When the Mill Valley Film Festival (MVFF) gets underway this year on October 5th, it will mark a bit of a milestone as it will be turning the BIG 4-0. As such, special celebrations are to be expected, not least of which is the stellar line up of films. From big Hollywood to small, obscure foreign films and everything in between, San Francisco Bay Area movie goers can expect a plethora of cinematic delights to choose from. When Mark Fishkin established the Festival 40 years ago, it was a modest affair with just a few films featured over three days. Today, it is recognized as one of the world’s best festivals spanning over eleven days and showcasing some 200 filmmakers, both domestically and internationally.
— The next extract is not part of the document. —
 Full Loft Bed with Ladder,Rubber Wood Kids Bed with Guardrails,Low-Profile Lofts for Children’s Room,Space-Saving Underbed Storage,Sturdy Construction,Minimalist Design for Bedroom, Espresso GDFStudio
The Festival will open with, “Darkest Hour,” director Joe Wright’s story about Winston Churchill’s rise to power and starring Gary Oldman in the title role. The festival centerpiece is Richard Linklater’s (“Boyhood”) “Last Flag Flying” starring Steve Carell, Bryan Cranston and Laurence Fishburne. Closing night films are “The Current War” by Alfonso Gomez-Rejon and actor Greta Gerwig’s (“Frances Ha”) directorial debut movie, “Lady Bird.” In between those prestigious selections, are plenty of indie, art house, foreign films and documentaries. One such example of the latter that I recommend is “Kim Swims.” This is an intriguing and inspiring story of Kim Chambers an incredible self-made marathon swimmer determined to be the first woman to cross 30 miles from the Golden Gate Bridge to the shark infested waters of the Farallon Islands. Director Kate Webber got full access to Kim’s build up to the big day, and captured all the emotion and strength of the historic swim.
Unique to MVFF is its commitment to gender equity in the industry with the third year of Initiative Mind The Gap: Women | Film | Tech, a festival-wide celebration and call to action, focused on the intersection of film and tech. This includes and concludes with Mind The Gap Summit at the Outdoor Art Club (OAC) on Saturday, October 7th. It is commendable that the MVFF is committed to the goal of 40% female directors and female-centric stories to be integral the Festival, including World, US, Docs, Shorts. As programmers explain, three criteria are tracked: “women directors, women creatives (directors, writers, producers) and story.”
Tributes planned for this year’s Festival feature Kristin Scott Thomas, Sean Penn (a former Marin resident), Holly Hunter and "Mudbound" director Dee Rees. All these special tribute nights include receptions, clips and/or an entire film, and on stage conversations with the honorees. The tributes are done as fundraisers for the festival and tend to sell out quickly. Although the festival has its fair share of tributes and parties, in addition to an abundance of screenings, it is known for being more casual and non-competitive than most others of its caliber.